I ran the full time job and my business entity simultaneously for just over five (05) years until I left my job earlier last year,( I was working as a Group-Supply Chain Manager for a Pakistan Telecom Operator) to grow my company locally and Internationally.

In last 2 years of our Operations in Pakistan, we had extended ourselves in Pakistan into all three major cities, Karachi,Lahore and Islamabad and having a sustainable growth locally. However, to initiate the international foot-print I visited U.K ( as I got HSMP visa now valid till Feb-2013) but things were quite slow there so I decided to move back and look for the other options.

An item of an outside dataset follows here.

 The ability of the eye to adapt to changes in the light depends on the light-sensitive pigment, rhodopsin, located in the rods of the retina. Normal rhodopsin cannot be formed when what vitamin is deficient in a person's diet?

Currently, I am in UAE and look forward to seek a genuine advise from the Professionals in this forum about the Business/Consultation trends, possibilities of ventures in the following arenas and how to get started( possible sharing of links and contacts):

1. Subcontracting in the field of Telecom and/or HR-Outsourcing.( including skilled and unskilled).
2. Training and Recruiting of the staff.
3. Repairing and Refurbishment Services.
4. Consultancy assignment for Managed Services.

Looking forward for a postive response form all group members


----------



## Syed Fahad Zeeshan (Feb 26, 2012)

Still waiting to hear from you guys in UAE


----------



## Jynxgirl (Nov 27, 2009)

So, telecom engineering is a field inside mechanical engineering. Everything you have wrote, has nothing to do with engineering. 

Your experience is in training for CSR roles, Hr for CSR roles, and a logistical role?? Just guessing, but you might not be getting alot of bites because the hr department receiving your cv, has no idea what you are trying to say or what you have previously done. 

That said, I would suggest looking at etisilat and du and see what they have. They are the two major telecom companies in the uae. If you are an actual telecom engineer, then I would suggest looking at large corporations as they needs techs for their internal switching/multiplexing/telecomm systems.


----------